How To Choose the Right Charts for Your Data

Starting a new project but confused at the endless choices of charts, graphs, and tools?

Where do you start?

How many variables should you plot?

How do you even choose which variables to plot?

As a data analyst, choosing the proper visualization for your data can sometimes be daunting. Several tools and charts exist which you could choose from. And yet, despite this abundance of choice, you are suffering from analysis paralysis.

Don’t worry, we’re here to help!

In this blog, we'll help you out by providing a guide to help you choose the right chart for your data. Not only that, we’ll also provide you with analytics tools so you can start your project with confidence.

Let’s begin!


Goals for Visualizing the Data

First things first — we need to ask the right questions about the data.

You cannot visualize your data unless you ask it the right questions. What are your goals for this project? What are you looking for in your data?

To get you started, we recommend the following goals to look for in your data:

  • To compare values
  • To show proportion
  • To describe relationship
  • To see the distribution
  • To show change over time

For each goal, we recommend the best chart for analysis, so let’s get into it!


To Compare Values

Comparing values is probably the most common goal in data analysis. You might be interested in finding out how each variable stacks against one other. Or you might also want to see the distribution of the variable or how it evolves over time.
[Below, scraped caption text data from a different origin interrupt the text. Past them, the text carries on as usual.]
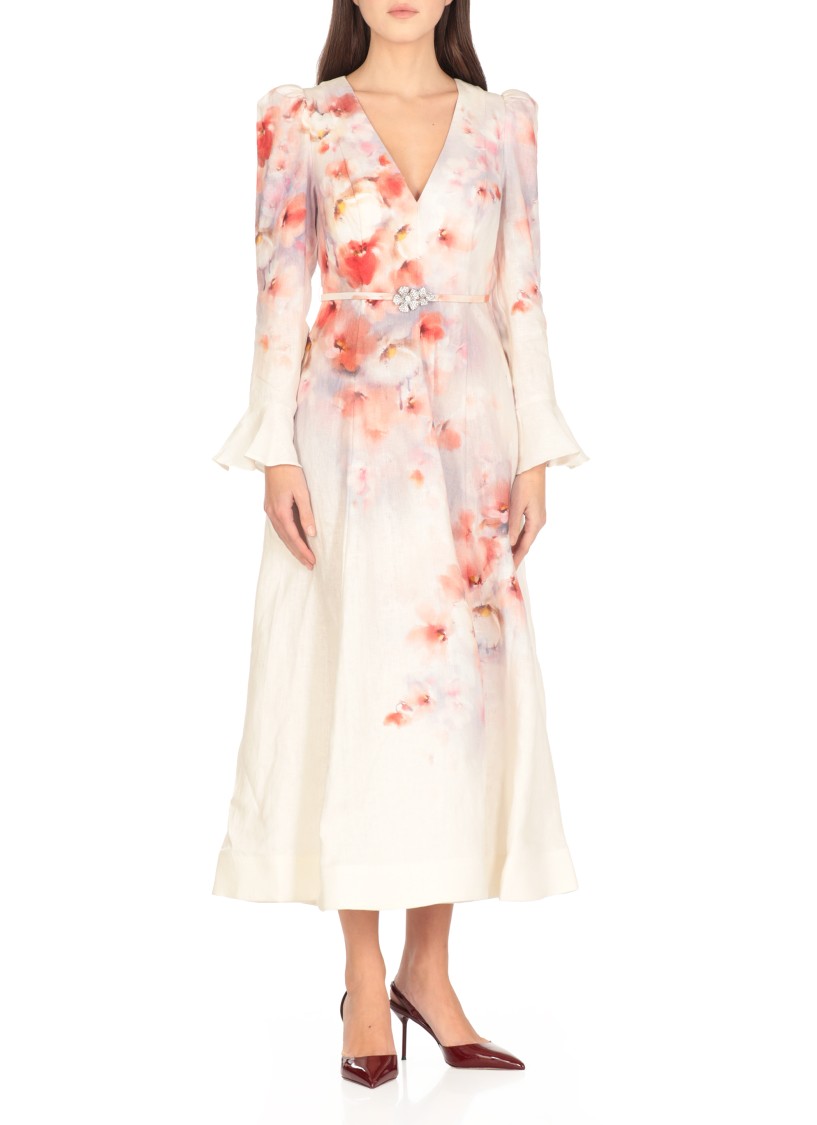Shop Zimmermann Crush Frill Sleeved Midi Dress In White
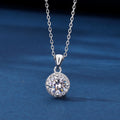 Elegant 925 Sterling Silver Round 6.5mm 1ct VVS Moissanite Full Diamond Pendant Women's Necklace Jewelry with GRA Certificate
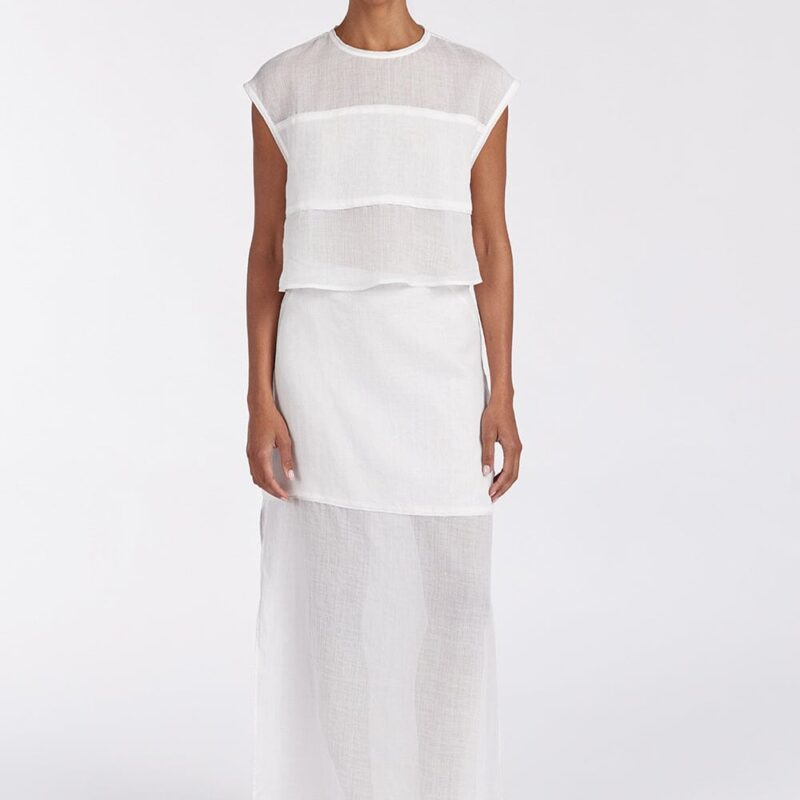 KAI WHITE RAMIE PANELLED TOP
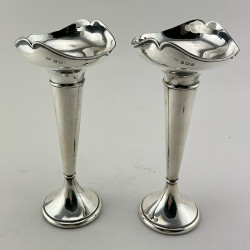 Pair of Attractive Sterling Silver Vases with Scolloped Shaped Bowls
To compare values, we recommend you use the following charts:

1. Bar chart - Using a bar chart makes it easy for your audience to compare the values of your data. From the length of the vertical or horizontal bars, one can easily compare which of the two or more variables is greater or lesser than the other.

Here you can see how a simple bar chart can provide information at a glance, by easily noticing that the highest variable is D and the lowest is G.

Bar chart

2. Line chart - A line chart should be used comparing continuous data, such as variables that are measured through time. Using a line chart lets you compare the data to the time it was measured. This gives you a better picture of the values compared to using bar charts.

The line chart below shows the movement of the continuous variable value through time. The ease of comparing the values in each period is similar to using bar charts, with the added sense of continuity.

Line chart

3. Histogram - A histogram provides a good way to compare the distribution of two or more variables. You can compare the variables not only according to the height of the distribution but also its spread across the mean.

As an example, notice the left-skewed distribution portrayed in the histogram below.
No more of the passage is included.